The STH genotyping and DNA extraction of the non-AD cases (n = 32) was carried out as above and included clinically and/or pathologically diagnosed subjects with dementia lacking distinctive histopathology (n = 7), FTP (n = 4), Pick's disease (n = 9), PSP (n = 6), corticobasal degeneration (n = 4), and amyotrophic lateral sclerosis (n = 1).
APOE genotyping was carried out as described (9). The Fisher's Exact test was used for the comparisons of the allele and genotype frequencies for the groups included.

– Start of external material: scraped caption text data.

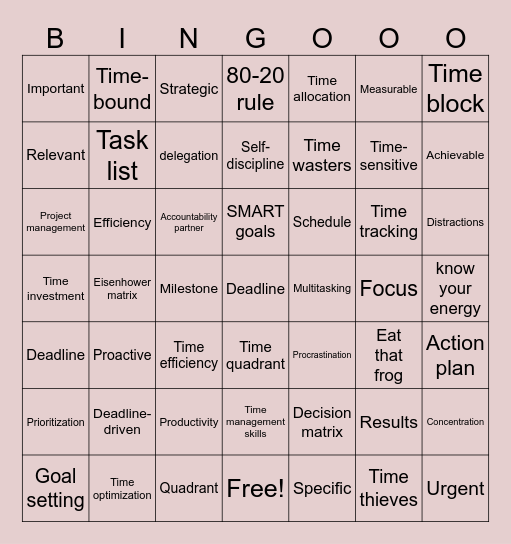 TIME  MANAGEMENT BINGO! Bingo Card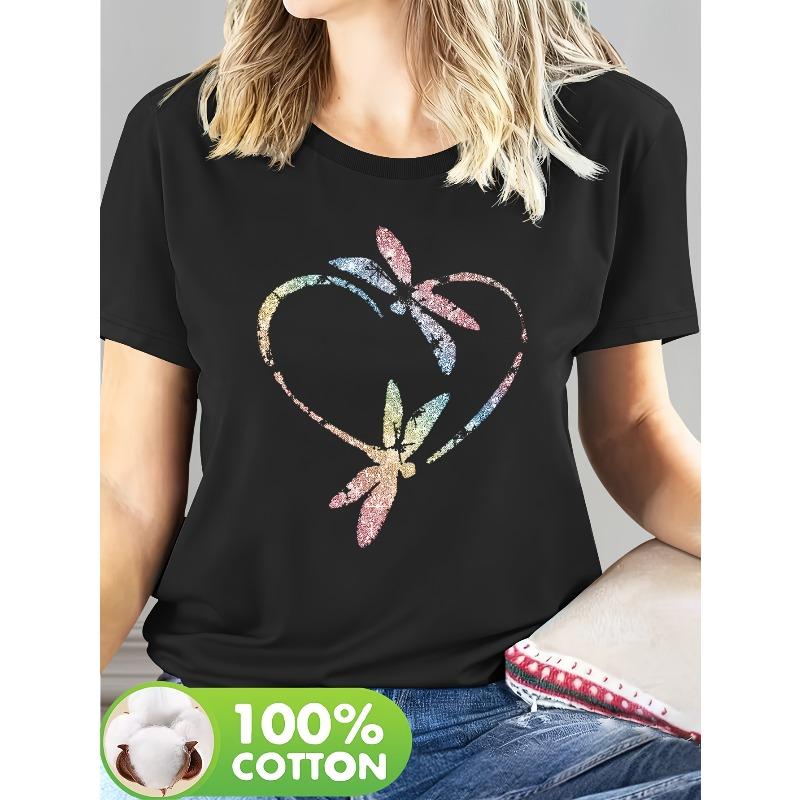 

Women s Dragonfly Print Tee Round Neck Short Sleeve Loose Fit Spring Summer Home Party Casual Everyday Basic Machine Washable Top 4XL чорний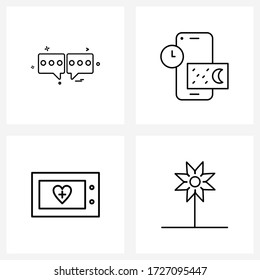 4 Universal Icons Pixel Perfect Symbols of messages; medical; conversation; savings; statistic Vector Illustration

MAb Generation and Immunoblot Analyses.
Saitohin monoclonal antibodies: 11F11 (IgG2B), TS6 (IgM), and 10B3 (IgM) were generated as described by immunizing mice with both recombinant and synthetic peptides of the amino acids 8–24 and 112–128 of the Saitohin protein (10). Brain protein samples of normal (NC) and AD subjects with the QQ, QR, and RR genotypes were homogenized in 1XTBS (2 mM PMSF), and STH was partially purified by size fractionation. Subsequently, the prepared samples were incubated in a urea sample buffer for 30 min at 37°C and were run on a SDS/15% PAGE gel. Enhanced chemiluminescence immunoblot analysis was performed by using described protocols (10).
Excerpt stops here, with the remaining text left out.